___ Available data

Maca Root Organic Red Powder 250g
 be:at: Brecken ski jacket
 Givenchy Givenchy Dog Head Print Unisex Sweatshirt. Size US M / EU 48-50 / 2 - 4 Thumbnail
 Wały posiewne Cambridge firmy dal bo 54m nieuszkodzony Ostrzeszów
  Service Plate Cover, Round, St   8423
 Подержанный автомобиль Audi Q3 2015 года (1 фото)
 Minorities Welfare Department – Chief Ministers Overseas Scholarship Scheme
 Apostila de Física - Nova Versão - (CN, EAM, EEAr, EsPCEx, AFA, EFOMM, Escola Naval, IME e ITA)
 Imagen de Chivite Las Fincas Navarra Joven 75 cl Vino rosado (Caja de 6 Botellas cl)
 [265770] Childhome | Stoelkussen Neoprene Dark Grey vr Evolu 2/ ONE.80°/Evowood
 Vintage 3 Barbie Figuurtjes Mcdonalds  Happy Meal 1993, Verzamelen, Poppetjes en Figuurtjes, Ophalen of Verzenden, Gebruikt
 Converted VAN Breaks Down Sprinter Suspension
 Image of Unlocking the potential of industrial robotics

______

# Activity
Transcribe, word for word, every line from the one containing "Подержанный автомобиль Audi" through the final line of the entries, and nothing else.

# Exercise answer
 Подержанный автомобиль Audi Q3 2015 года (1 фото)
 Minorities Welfare Department – Chief Ministers Overseas Scholarship Scheme
 Apostila de Física - Nova Versão - (CN, EAM, EEAr, EsPCEx, AFA, EFOMM, Escola Naval, IME e ITA)
 Imagen de Chivite Las Fincas Navarra Joven 75 cl Vino rosado (Caja de 6 Botellas cl)
 [265770] Childhome | Stoelkussen Neoprene Dark Grey vr Evolu 2/ ONE.80°/Evowood
 Vintage 3 Barbie Figuurtjes Mcdonalds  Happy Meal 1993, Verzamelen, Poppetjes en Figuurtjes, Ophalen of Verzenden, Gebruikt
 Converted VAN Breaks Down Sprinter Suspension
 Image of Unlocking the potential of industrial robotics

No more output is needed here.